Everything from seed to shelf is up for discussion, and without a dialogue, there is a void of communication. 

Taking time to consider options to prevent and stifle crisis could have a positive impact on the agricultural industry as a whole. Proactive communication can fix a problem before it becomes a crisis. 

Social media is platform that companies and organizations can build trust and a relationship with their audience. Kennedy and Pelzer agree that a presence on social media is an important aspect of crisis communication. 

“The good news is that social media delivers a really authentic, believable response.  The bad news is you have to know how to use it and you have to have a following for anyone to find and reach you,” Kennedy said. 

There is a need for a dialogue with the local community, as well as customer, suppliers, the media, and regulators. A good relationship can help soften the blow your reputation can take should a crisis arise. 

Without social media as an ongoing form of communication, that sense of trust and awareness is easily lost.

“If you are on social media in an ongoing basis, then you develop a relationship and a dialogue with your key stakeholders,” Kennedy offered. “When something goes wrong, they already have a relationship with you and are willing to listen to what you have to say.”

Creating a plan

A crisis plan is just as essential as preventing a crisis, Pelzer said. A company’s response can affect the survival of that organization.

DeLong has experience with grain from production through export. During his time at the DeLong Company, crisis and safety planning has developed extensively. “It’s an ongoing process of keeping people informed and trained,” DeLong said.

His advice included identifying only one spokesperson to present the facts once a crisis occurs. No opinions should be communicated. 

“Find out who the primary people are to report additional information as a crisis develops,” DeLong said.

A good crisis plan means it is strategic with clear steps of achieving the end goal: managing crisis. Know who the important stakeholders are and understand the audience. Keep your eye out for potential crisis before it occurs. 

Kennedy said the features of a successful plan include: immediacy, authentic and heartfelt communication, transparency and social media component. Often, people prefer hearing a response directly from the head of the company. 

Maintain continuous communication as information comes out. Take responsibility and explain the steps the company or organization is taking to address the crisis.

Pelzer points out that a plan can sound great on paper, but you will never know until an actual crisis occurs if the plan was effective or not. Run a stimulus crisis to test out ideas.

If and when a crisis does occur, measure the success of your plan. This will help you to mold your plan based on what did and did not work.

The bigger picture

Proper crisis management can have a huge impact on business operations and relationships. One poorly managed crisis can give the industry a bad image.

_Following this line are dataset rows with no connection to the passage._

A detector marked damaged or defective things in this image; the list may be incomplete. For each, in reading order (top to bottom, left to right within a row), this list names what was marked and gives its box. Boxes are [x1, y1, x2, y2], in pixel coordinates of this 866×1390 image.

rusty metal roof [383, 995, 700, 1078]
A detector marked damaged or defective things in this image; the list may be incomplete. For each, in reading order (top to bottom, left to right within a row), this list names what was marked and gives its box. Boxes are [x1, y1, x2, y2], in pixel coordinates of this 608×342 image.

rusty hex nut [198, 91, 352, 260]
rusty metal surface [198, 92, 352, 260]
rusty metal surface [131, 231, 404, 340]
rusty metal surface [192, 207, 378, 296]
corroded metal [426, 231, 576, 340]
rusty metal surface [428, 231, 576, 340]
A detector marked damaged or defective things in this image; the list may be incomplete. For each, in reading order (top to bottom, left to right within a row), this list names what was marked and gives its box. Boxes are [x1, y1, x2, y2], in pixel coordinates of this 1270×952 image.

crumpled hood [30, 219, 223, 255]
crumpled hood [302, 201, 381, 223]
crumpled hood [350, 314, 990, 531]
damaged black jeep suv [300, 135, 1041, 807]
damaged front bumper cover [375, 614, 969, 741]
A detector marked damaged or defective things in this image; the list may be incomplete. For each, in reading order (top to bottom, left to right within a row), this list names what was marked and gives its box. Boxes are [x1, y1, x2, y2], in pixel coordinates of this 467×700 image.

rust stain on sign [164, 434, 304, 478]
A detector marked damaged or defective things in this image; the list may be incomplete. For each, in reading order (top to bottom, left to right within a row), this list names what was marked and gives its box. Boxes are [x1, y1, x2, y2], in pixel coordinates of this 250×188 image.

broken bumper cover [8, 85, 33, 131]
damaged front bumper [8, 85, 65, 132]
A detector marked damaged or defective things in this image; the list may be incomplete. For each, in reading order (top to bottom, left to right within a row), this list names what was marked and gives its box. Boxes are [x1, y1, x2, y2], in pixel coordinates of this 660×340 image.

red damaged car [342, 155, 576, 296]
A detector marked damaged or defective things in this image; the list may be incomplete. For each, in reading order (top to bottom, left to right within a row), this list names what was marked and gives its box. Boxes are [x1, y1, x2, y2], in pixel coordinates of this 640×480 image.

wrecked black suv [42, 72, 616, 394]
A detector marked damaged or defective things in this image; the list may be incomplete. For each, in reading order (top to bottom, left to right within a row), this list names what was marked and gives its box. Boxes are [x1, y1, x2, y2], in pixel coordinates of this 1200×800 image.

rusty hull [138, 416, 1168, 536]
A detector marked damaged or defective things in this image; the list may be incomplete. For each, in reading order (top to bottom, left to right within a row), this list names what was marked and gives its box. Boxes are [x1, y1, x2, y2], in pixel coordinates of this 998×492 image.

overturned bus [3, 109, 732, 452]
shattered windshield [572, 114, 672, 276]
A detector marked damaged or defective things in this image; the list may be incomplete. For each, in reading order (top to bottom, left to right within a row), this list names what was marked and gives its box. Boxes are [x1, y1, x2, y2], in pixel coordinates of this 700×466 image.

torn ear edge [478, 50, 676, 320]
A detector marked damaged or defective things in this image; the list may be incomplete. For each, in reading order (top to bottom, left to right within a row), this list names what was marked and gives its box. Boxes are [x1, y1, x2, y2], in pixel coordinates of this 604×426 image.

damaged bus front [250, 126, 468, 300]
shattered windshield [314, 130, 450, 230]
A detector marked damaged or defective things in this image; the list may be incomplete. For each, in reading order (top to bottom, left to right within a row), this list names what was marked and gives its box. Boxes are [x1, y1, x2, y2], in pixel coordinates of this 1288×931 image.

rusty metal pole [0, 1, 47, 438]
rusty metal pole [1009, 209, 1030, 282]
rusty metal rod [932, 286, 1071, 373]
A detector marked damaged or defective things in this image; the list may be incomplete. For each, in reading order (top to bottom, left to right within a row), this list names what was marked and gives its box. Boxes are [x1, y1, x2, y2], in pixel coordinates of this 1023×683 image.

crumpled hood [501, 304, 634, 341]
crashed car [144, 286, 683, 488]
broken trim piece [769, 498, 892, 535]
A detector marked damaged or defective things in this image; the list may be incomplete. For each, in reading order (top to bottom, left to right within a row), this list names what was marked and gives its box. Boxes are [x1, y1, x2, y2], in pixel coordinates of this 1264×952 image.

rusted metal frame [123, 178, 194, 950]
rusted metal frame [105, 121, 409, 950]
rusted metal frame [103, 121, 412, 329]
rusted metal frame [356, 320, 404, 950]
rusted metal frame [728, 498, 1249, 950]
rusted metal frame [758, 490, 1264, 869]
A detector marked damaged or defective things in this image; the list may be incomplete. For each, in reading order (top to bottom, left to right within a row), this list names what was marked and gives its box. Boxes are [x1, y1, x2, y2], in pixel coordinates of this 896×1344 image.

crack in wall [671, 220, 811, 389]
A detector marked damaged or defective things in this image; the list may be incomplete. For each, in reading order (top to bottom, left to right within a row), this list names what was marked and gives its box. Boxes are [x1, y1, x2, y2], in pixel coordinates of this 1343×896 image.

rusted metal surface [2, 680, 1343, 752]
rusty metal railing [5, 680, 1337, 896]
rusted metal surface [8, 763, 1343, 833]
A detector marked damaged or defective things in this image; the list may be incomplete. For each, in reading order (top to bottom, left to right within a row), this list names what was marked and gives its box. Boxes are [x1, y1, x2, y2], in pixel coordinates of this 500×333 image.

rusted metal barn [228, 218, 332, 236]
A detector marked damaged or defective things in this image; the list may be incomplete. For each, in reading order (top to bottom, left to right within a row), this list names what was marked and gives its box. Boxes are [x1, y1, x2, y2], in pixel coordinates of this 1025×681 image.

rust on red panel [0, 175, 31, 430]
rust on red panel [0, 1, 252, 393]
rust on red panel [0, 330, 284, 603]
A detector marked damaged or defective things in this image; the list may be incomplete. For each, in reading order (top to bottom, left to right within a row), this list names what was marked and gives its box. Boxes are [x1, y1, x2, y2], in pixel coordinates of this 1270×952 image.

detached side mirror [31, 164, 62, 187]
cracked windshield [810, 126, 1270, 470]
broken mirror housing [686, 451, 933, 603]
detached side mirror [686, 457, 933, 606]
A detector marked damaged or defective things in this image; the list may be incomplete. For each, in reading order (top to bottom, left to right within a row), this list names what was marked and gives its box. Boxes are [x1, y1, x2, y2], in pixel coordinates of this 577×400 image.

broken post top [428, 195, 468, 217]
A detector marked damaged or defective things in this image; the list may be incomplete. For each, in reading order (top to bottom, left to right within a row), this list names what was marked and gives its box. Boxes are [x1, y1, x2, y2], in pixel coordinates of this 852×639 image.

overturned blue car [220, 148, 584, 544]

“We really need to work together from one commodity group or industry to the next,” Pelzer said. “I think we can do a better job of managing the negative information and misinformation about sensitive issues. The good news is we are starting to do that.”

Planning and incorporating proactive communications into your business is important to not only the feed and grain industry, but it’s also important to the perception of agriculture and food production.

“It’s vital to protect reputations and help build brands, by telling transporters’ stories, strategizing for potential crisis situations and using new media outlets to serve as a critical link between the food chain and the public,” DeLong said.